Truckstop Honeymoon, Won’t Let the Angels Take You Away DVD (Binky)

Truckstop Honeymoon’s Mike West and Katie Euliss have always kept their music as a scrapbook portal to their lives with their honest, no-holds-barred songcraft. So, it shouldn’t come as a surprise that the former Ninth Ward denizens allowed budding young filmmaker Nathan King Miller access to one of their most emotionally wrought chapters, their first trip back to Katrina-ravaged New Orleans shortly after their relocation to Kansas in 2005. As the Wests went southeast, so did Miller, capturing what life is like on the road with two touring musicians determined to maintain a quality family life. When they finally arrive, witnessing the destruction, the grimy, moldy walls, damaged mementos and unusable cases of CDs is understandably gut-wrenching, but all that sadness turns to temporary joy when Euliss notices gourds, melons and squashes growing where a sea of murky water used to be.

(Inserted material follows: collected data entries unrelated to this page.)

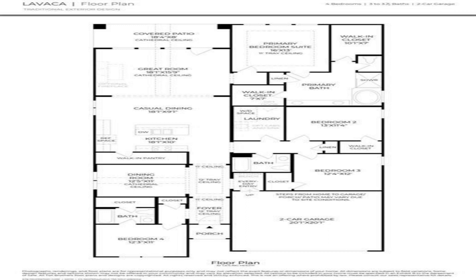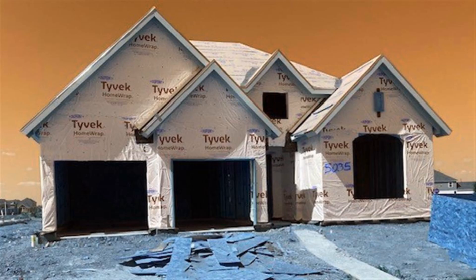The open kitchen features upgraded cabinets, center island, and large walk-in pantry. The casual dining area makes a seamless transition into a great room with fireplace.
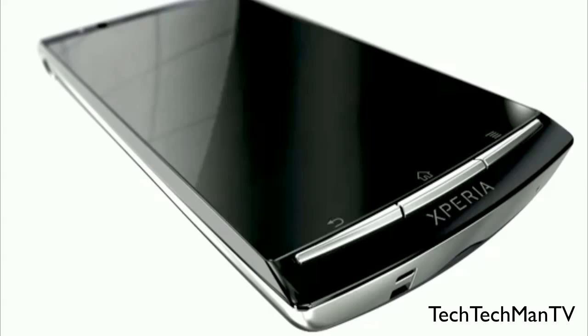So there we go guys, that is my quick overview of the Sony Ericsson Xperia Arc smartphone. If you have any further questions, make sure to leave them in the comments section below. Thanks a lot for watching.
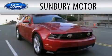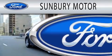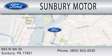Sunbury Motor Company is dedicated to doing everything possible to ensure that the experience you have selecting your next vehicle is as pleasant as possible. We are located at 943 North 4th Street in Sunbury.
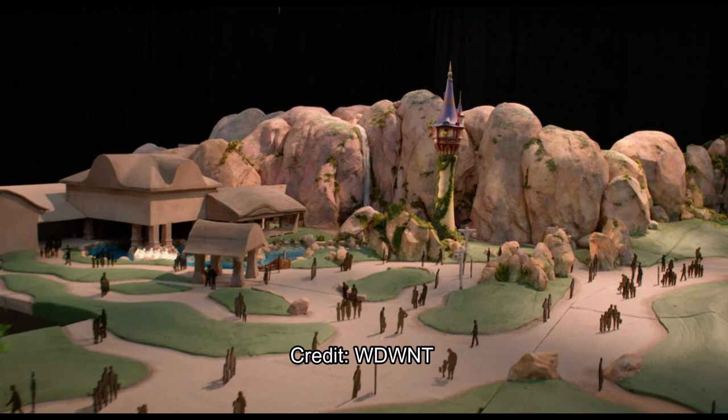These areas will have meet and greets as well, with Rapunzel and Tinker Bell and all the characters. Peter Pan will probably meet and greet guests there, and Anna and Elsa will be over in the Frozen land. So this will be looking great.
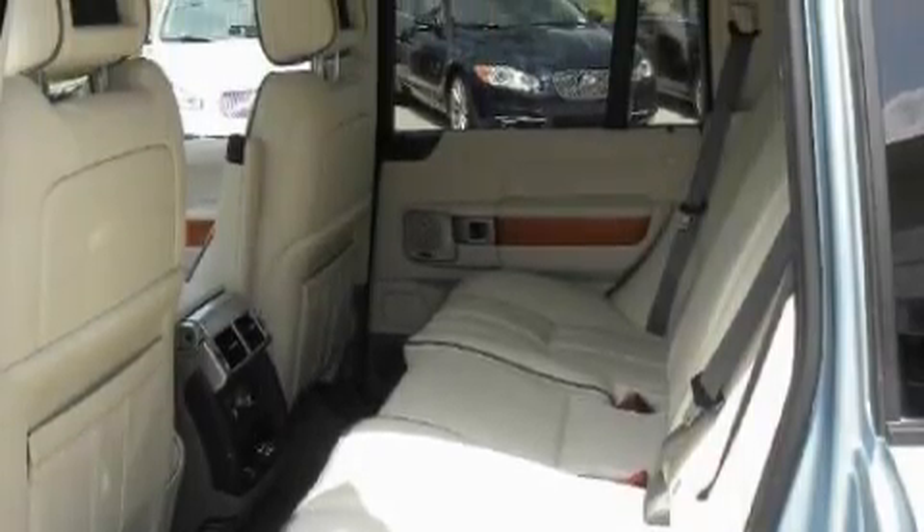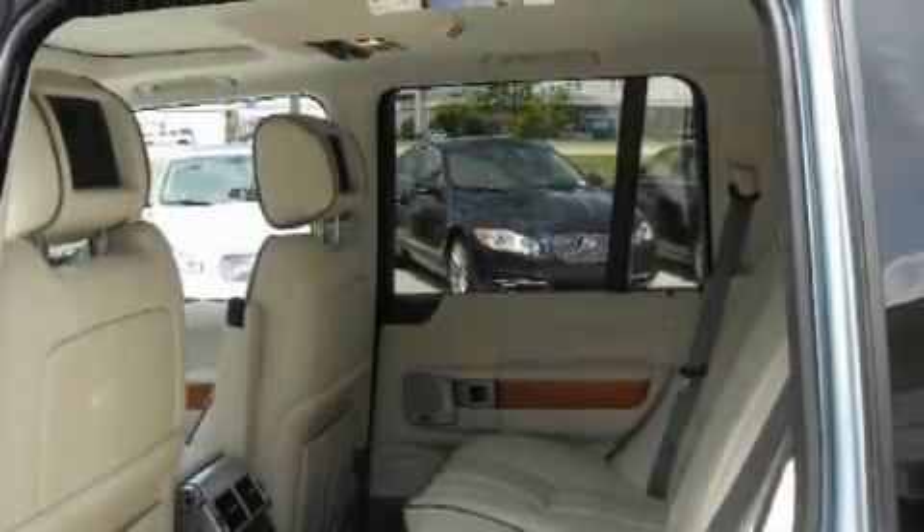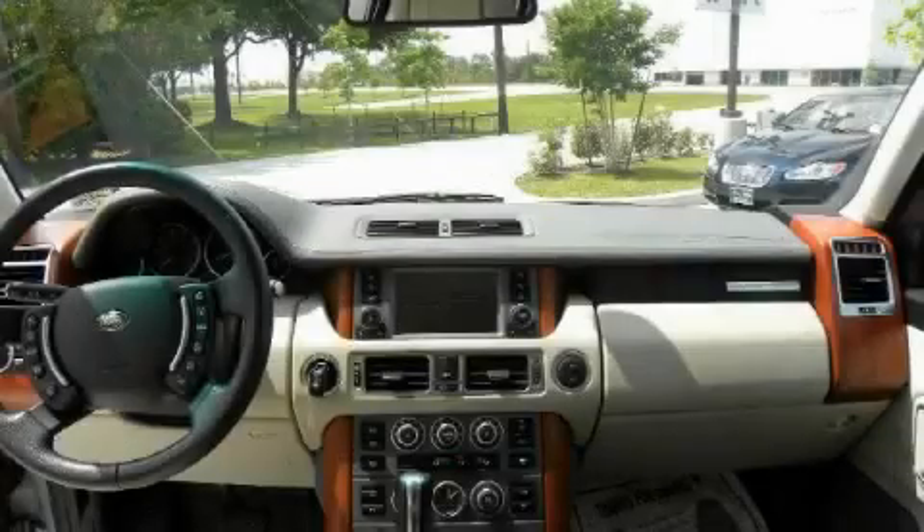This Land Rover features a ventilation system with a filtration system, a power driver's seat, a 14-speaker audio system, an RDS audio system, a low-tire pressure indicator, a brake assist system, and this vehicle has fewer than 23,000 miles on the odometer.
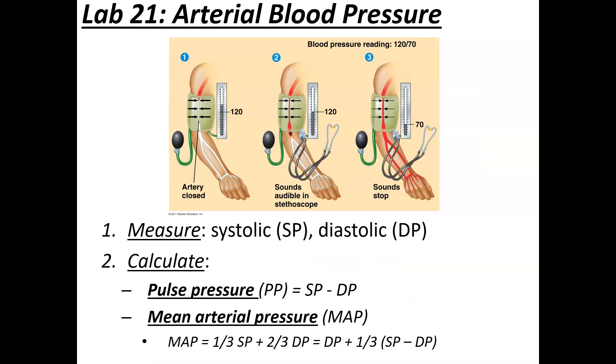Once you have systolic and diastolic pressure, you can calculate pulse pressure, which has the scientific designation PP. It's simply the difference between systolic and diastolic blood pressure: PP = SP − DP. Using the example of 120/70, that gives a pulse pressure of 50 mmHg.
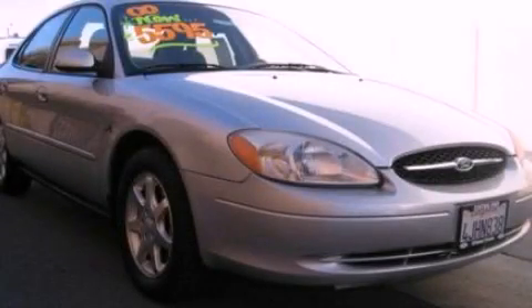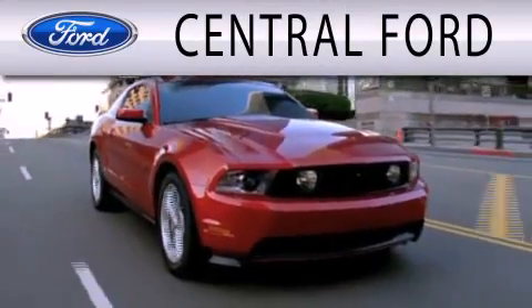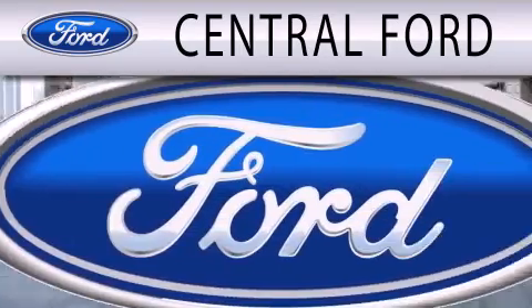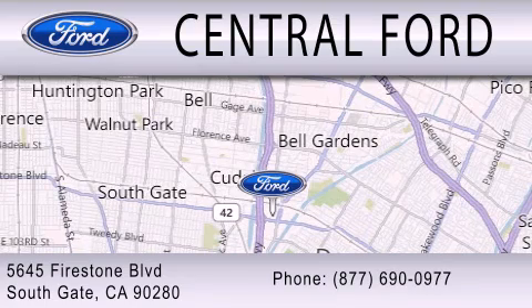Contact us today to arrange your test drive. Central Ford is dedicated to doing everything possible to ensure the experience you have selecting your next vehicle is as pleasant as possible. We are located at 5645 Firestone Boulevard in Southgate.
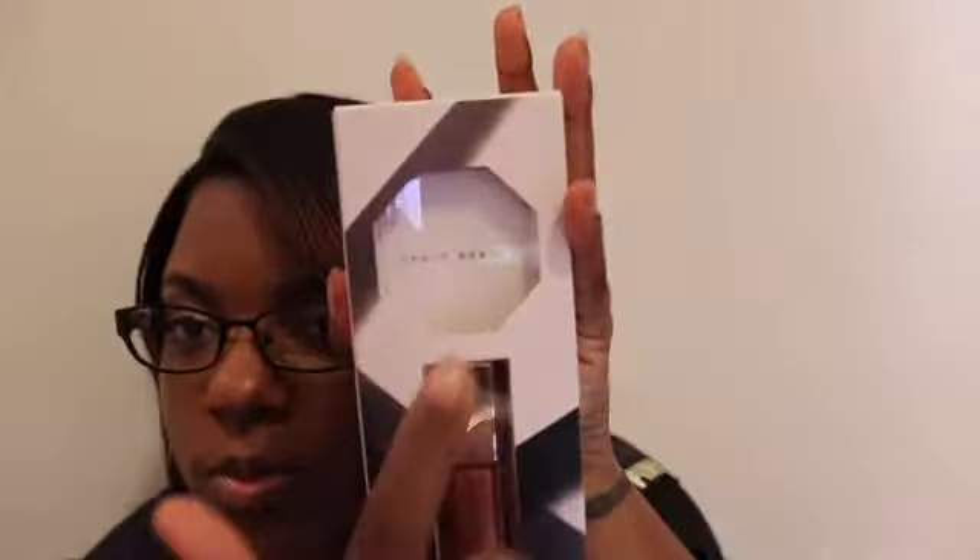I also picked up a Fenty Beauty Mini Lip and Face Set. The first thing we have is a highlighter called Kilowatt — it's a really cute, not gold but really cute shimmery pale color. Then of course we have a gloss balm.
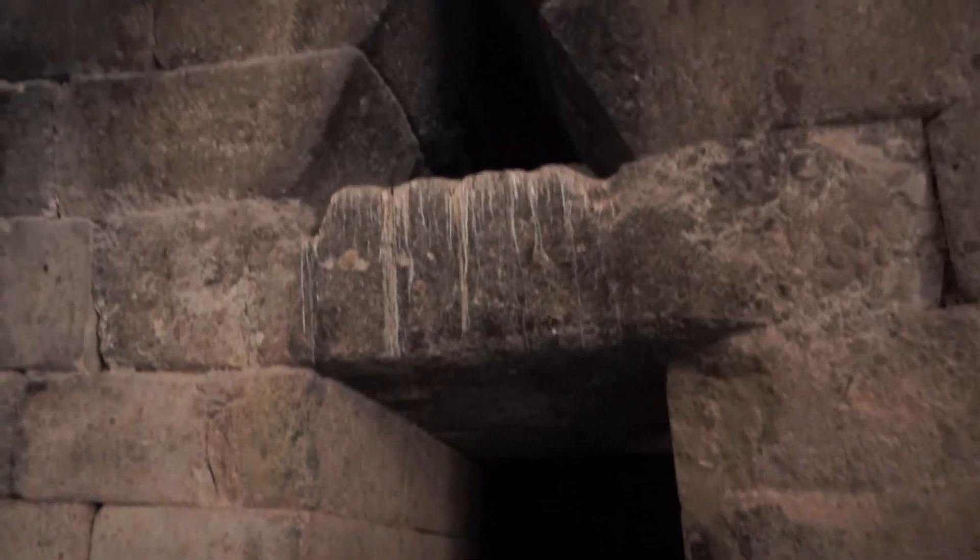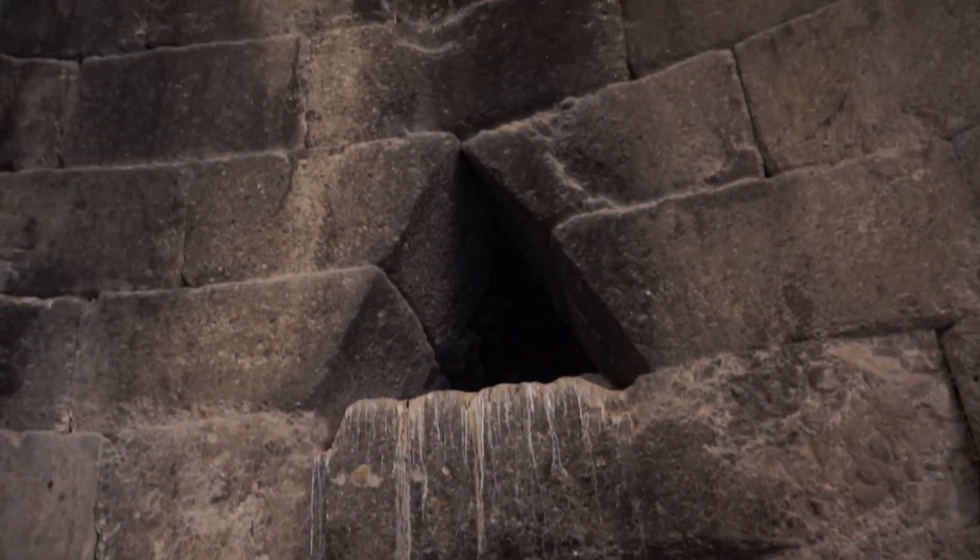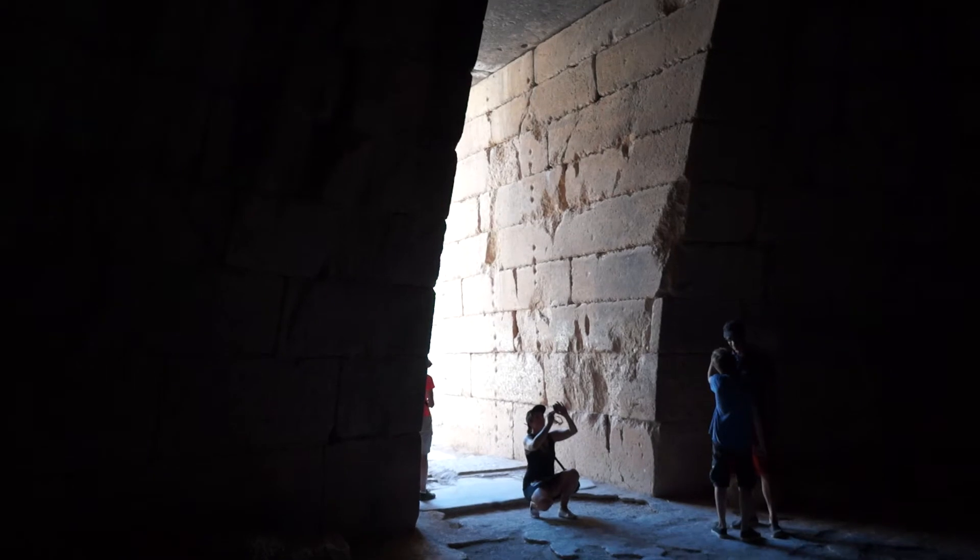One of the wonders of the world. Over each of the doorways is a lintel, and the triangle bears the weight and pushes the weight to the side. There's a huge entrance and above, of course, is another triangle.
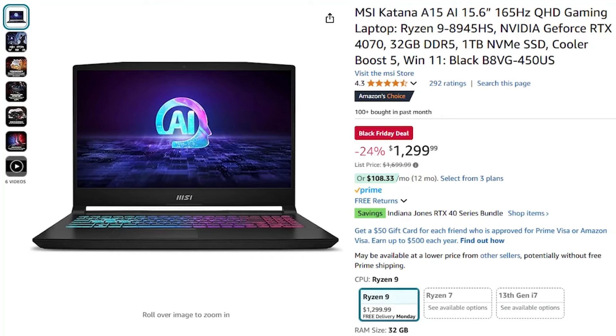In this video I'm going to go over three laptops on Amazon that are currently on a Black Friday deal, and we're going to start with this MSI Katana A15. This is definitely the best one on the list for the money by far. I'll show you a couple other cheaper options and I'll have all of these laptops linked in the description below if you want to check out the specific listings I'm talking about.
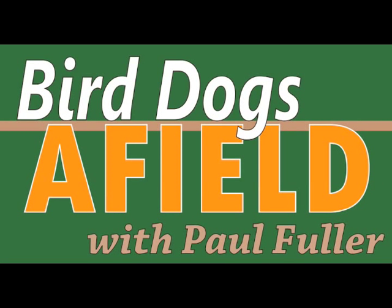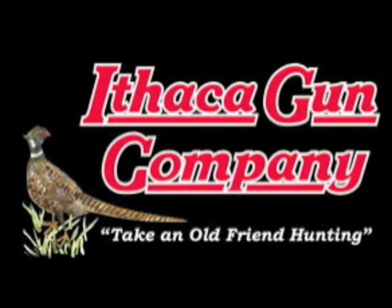Bird Dogs Afield visits Ithaca at SHOT Show 2010. We're in the Ithaca Gun booth, and if there's a traditional name in bird hunting in this country, it is Ithaca. We're here with Mike Farrell, who is with Ithaca, and he's going to tell us a little bit about the rebirth of Ithaca.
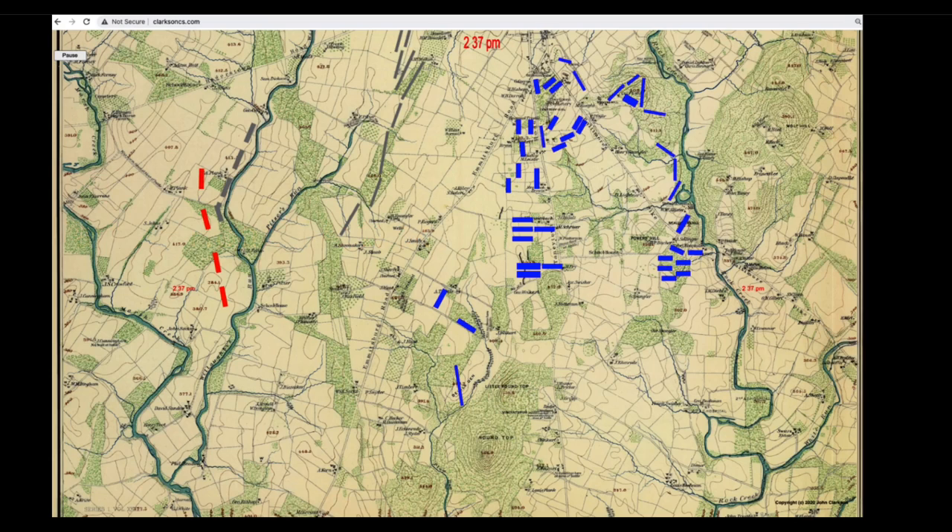Part 2: Hood's Attack. General Lee's plan was to attack north up Emmitsburg Road. McClaws and Hood's divisions would open the attack and then be joined by Anderson's division.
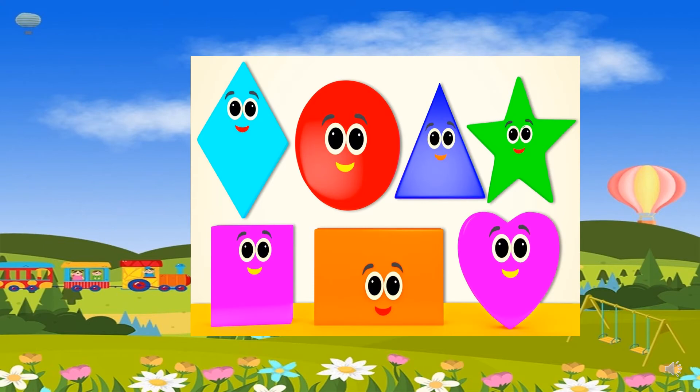Shapes: diamond, circle, triangle, star, square, rectangle, heart.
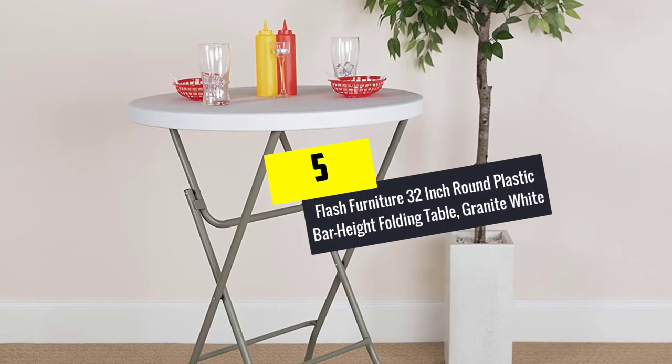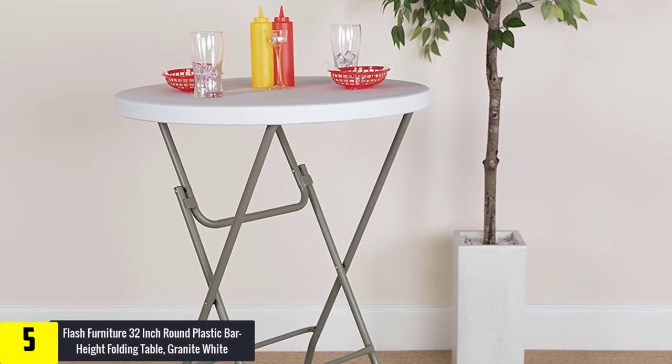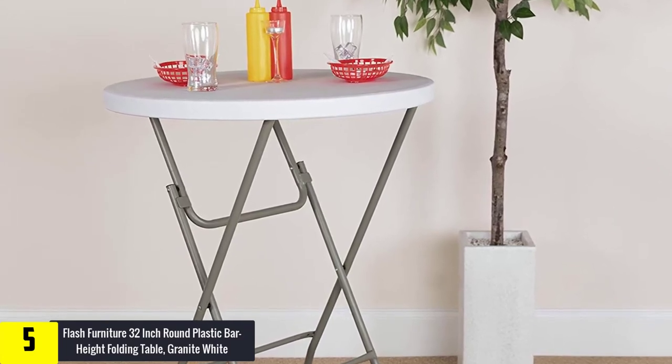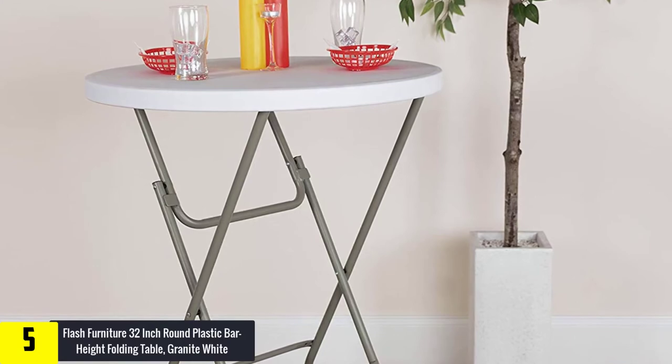Starting at number 5, we have the Flash Furniture 32 inch round plastic bar height folding table in granite white. It seems Flash Furniture is unshakable in terms of production of premium quality cocktail tables.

There are visits with musician pals Kathleen Kraus, Andy and wife Gwen Forrest, Esther Sparks and Gina Forsyth; there’s an insightful radio interview with WWOZ where West confesses that he’s not ready to do hurricane songs anytime soon. Towards the end, one can’t help wonder if the trip was slightly cathartic. At one gig, West amuses a crowd with some quick, dark humor by announcing that he always wanted a house without walls and now he has one. In portraying the lives of a family of four, Miller never stages a scene or provides any narration, he just lets the lens capture everyday life as it happens and therein lies the subtle beauty of this documentary.